It was a long moment before he completely understood, and understanding brought a curious horror. "It was he? It was he...?"
She nodded, her little features twisted in a bitter smile.
He shuddered, and put his hands to his face to shut out the picture which the sight of her now evoked. He stepped back, and sat down abruptly in a chair. He groaned as he sat there, and at first she misunderstood the source of his pain, imagined it to lie only in the sudden sense of defeat which her disclosure brought him. But his words enlightened her.
"Chauvinière!" he muttered. "That ineffable beast! His foul eyes crawling over your purity and grace!" He set his teeth. "That he should have dared! That he should have soiled you by his glance!"
"My dear, is it worth while to think of that? At such a moment?"
"What else is there to think of? What else can matter by comparison? My life!" he laughed. "I would give it freely to have spared you!"
There was a tap at the door. Filomène came in with a scared countenance. "It is the citizen-representative," she announced. "He is here. He asks to see you."

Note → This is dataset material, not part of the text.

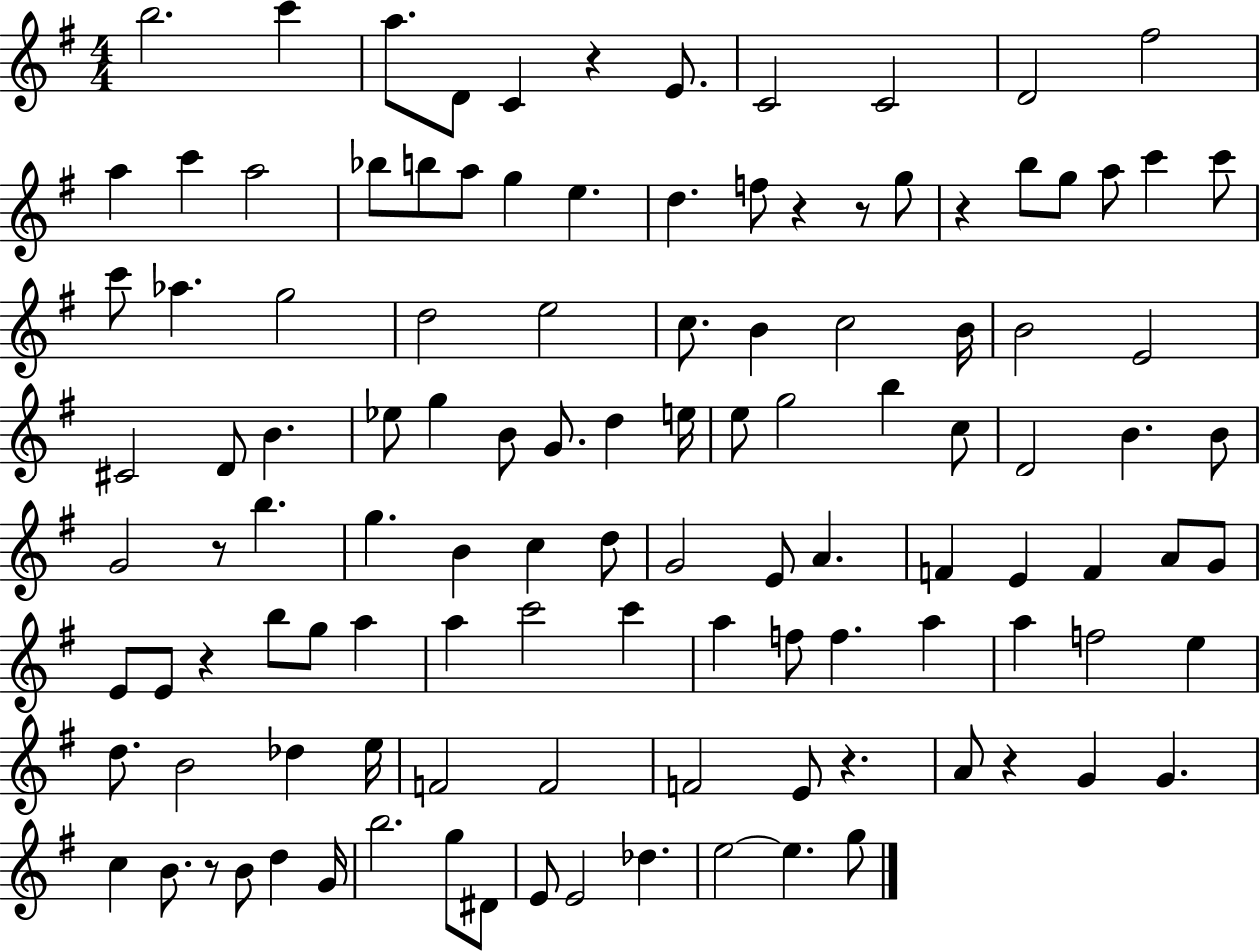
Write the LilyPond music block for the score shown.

Mademoiselle de Montsorbier shrank back in fear.
Corbal uncovered his face, and came slowly to his feet.
"The citizen-representative?" he questioned dully. "Chauvinière?" Then, abruptly, he cast off his dejection. He squared his shoulders and stood stiff and straight, his face alight with purpose. Mademoiselle de Montsorbier, observing him, instead of distress beheld in him only a preternatural calm. And when presently he spoke again, not only had his voice resumed its natural level tone, but it was faintly charged with a note that was almost derisive.
"The citizen-representative Chauvinière, eh? Is he alone?"

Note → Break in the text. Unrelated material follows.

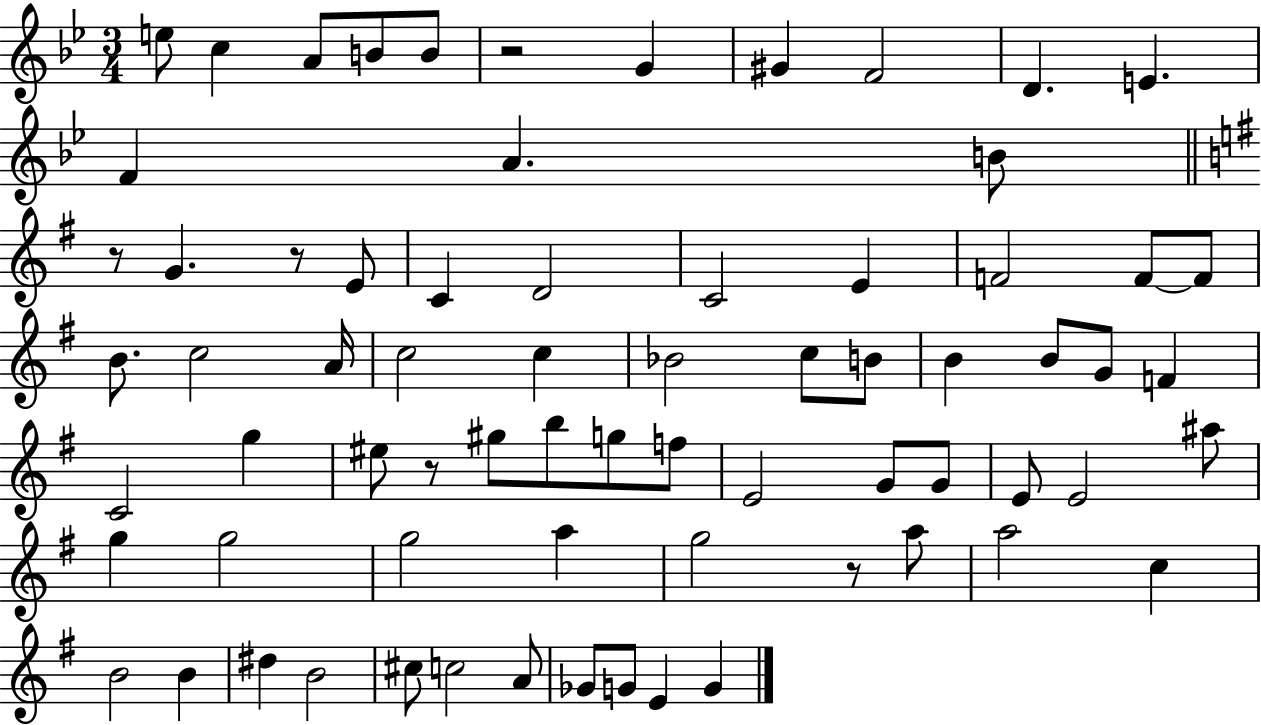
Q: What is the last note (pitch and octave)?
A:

"Yes, monsieur. I saw no one else."
The vicomte nodded. He was smiling. "But how very good. How very condescending of the citizen-representative to honour my house again! And so very opportunely! Almost it is as if he had guessed my need to see him, and desired to spare me the trouble of going in quest of him. Let him wait a moment or two in the hall, Filomène. Detain him there if you can. Then bring him in."
Between surprise and relief at the vicomte's manner, Filomène departed.
Before she was out of the room, Corbal was at a tall cupboard of polished mulberry that stood against the wall. He found Mademoiselle de Montsorbier at his elbow.
"Will you hide me in there?"
He lost a second in staring at her. Then he smiled and shook his head. "I have no thought to hide you." He took a mahogany case from a shelf in the cupboard.
"But if he finds me here!"
"It is what I desire." He took up a powder horn and a little linen bag, and closed the door of the cupboard. "The confident, overbearing fool!"
He crossed to his writing-table, and opened the box. It contained a brace of duelling pistols bedded in its red velvet lining.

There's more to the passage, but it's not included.